> **Problem description**
Exactly the lines from the first line of the listing through the line containing "ÉTATS - Reversible Tee Grey" should appear in the output, unchanged.

> **Input data**
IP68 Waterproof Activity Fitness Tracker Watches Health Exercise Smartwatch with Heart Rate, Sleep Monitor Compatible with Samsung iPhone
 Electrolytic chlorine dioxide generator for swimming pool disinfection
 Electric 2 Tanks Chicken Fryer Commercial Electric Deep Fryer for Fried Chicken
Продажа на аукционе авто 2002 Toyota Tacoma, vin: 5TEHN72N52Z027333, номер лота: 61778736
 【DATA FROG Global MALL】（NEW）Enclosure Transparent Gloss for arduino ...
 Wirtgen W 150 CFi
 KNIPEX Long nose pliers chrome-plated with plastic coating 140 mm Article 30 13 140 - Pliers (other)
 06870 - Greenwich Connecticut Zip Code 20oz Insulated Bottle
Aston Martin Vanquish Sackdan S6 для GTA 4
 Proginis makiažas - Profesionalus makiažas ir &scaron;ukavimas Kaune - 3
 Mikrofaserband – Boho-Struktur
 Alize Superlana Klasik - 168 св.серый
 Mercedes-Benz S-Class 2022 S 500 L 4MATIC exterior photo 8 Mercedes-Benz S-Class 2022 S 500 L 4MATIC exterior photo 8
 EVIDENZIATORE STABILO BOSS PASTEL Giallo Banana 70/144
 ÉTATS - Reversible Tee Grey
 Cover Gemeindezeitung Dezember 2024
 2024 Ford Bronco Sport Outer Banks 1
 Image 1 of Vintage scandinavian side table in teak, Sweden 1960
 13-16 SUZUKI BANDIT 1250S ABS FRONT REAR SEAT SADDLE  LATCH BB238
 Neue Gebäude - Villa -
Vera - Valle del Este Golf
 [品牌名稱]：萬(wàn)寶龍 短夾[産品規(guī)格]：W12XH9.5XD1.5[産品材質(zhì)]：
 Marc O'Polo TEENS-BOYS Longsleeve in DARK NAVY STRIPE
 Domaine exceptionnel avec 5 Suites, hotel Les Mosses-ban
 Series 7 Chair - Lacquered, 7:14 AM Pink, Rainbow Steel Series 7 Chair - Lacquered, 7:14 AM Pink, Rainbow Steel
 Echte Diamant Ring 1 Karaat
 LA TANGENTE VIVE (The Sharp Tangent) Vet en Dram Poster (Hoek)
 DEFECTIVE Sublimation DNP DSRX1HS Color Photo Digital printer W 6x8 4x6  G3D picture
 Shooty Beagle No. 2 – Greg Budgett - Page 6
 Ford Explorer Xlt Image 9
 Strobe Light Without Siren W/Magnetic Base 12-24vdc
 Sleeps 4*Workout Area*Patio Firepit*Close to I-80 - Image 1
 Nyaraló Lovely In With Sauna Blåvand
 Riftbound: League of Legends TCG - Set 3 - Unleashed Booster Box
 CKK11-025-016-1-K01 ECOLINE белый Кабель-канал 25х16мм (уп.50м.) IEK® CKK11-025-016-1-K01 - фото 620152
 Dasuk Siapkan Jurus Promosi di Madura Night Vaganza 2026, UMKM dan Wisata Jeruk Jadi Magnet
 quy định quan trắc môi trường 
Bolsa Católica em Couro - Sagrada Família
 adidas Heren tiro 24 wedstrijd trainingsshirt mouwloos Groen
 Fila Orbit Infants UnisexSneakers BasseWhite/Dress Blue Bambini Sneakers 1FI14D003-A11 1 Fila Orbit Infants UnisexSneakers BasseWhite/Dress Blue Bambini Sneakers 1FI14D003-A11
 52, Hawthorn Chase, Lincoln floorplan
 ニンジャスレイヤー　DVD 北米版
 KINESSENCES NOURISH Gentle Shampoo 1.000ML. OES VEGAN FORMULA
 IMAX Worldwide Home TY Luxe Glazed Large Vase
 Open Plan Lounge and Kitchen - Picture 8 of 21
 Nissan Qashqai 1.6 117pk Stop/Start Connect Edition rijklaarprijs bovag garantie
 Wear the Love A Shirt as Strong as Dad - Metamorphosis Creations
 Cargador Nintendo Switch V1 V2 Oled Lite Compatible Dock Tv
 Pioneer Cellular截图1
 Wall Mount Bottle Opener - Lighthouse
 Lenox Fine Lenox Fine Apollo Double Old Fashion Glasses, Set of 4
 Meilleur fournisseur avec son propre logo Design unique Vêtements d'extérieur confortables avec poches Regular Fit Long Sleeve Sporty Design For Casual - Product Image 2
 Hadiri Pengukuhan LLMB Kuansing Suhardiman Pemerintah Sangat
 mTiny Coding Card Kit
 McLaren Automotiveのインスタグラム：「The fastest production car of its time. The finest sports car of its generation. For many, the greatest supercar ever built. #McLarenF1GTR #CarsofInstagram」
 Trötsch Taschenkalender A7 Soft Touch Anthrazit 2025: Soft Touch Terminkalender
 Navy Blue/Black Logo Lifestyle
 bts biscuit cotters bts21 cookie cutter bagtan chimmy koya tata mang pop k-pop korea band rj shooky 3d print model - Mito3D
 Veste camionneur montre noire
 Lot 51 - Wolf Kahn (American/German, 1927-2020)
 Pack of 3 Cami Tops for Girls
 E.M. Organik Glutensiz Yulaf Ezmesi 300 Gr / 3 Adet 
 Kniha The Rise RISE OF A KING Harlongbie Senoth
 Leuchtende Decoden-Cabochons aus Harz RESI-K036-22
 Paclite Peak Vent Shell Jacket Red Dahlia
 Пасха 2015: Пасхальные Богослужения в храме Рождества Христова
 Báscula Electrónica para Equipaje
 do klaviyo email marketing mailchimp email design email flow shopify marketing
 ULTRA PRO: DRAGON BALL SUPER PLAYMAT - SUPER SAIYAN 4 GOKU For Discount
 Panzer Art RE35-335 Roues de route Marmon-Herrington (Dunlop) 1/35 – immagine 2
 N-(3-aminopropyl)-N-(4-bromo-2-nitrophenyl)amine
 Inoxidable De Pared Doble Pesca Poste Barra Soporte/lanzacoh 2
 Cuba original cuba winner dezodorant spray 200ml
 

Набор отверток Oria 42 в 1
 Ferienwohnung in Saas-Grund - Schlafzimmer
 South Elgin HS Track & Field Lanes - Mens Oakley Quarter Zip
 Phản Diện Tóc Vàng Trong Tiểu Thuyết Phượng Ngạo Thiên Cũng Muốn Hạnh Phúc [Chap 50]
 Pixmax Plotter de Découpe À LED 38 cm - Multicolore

> **Written solution**
IP68 Waterproof Activity Fitness Tracker Watches Health Exercise Smartwatch with Heart Rate, Sleep Monitor Compatible with Samsung iPhone
 Electrolytic chlorine dioxide generator for swimming pool disinfection
 Electric 2 Tanks Chicken Fryer Commercial Electric Deep Fryer for Fried Chicken
Продажа на аукционе авто 2002 Toyota Tacoma, vin: 5TEHN72N52Z027333, номер лота: 61778736
 【DATA FROG Global MALL】（NEW）Enclosure Transparent Gloss for arduino ...
 Wirtgen W 150 CFi
 KNIPEX Long nose pliers chrome-plated with plastic coating 140 mm Article 30 13 140 - Pliers (other)
 06870 - Greenwich Connecticut Zip Code 20oz Insulated Bottle
Aston Martin Vanquish Sackdan S6 для GTA 4
 Proginis makiažas - Profesionalus makiažas ir &scaron;ukavimas Kaune - 3
 Mikrofaserband – Boho-Struktur
 Alize Superlana Klasik - 168 св.серый
 Mercedes-Benz S-Class 2022 S 500 L 4MATIC exterior photo 8 Mercedes-Benz S-Class 2022 S 500 L 4MATIC exterior photo 8
 EVIDENZIATORE STABILO BOSS PASTEL Giallo Banana 70/144
 ÉTATS - Reversible Tee Grey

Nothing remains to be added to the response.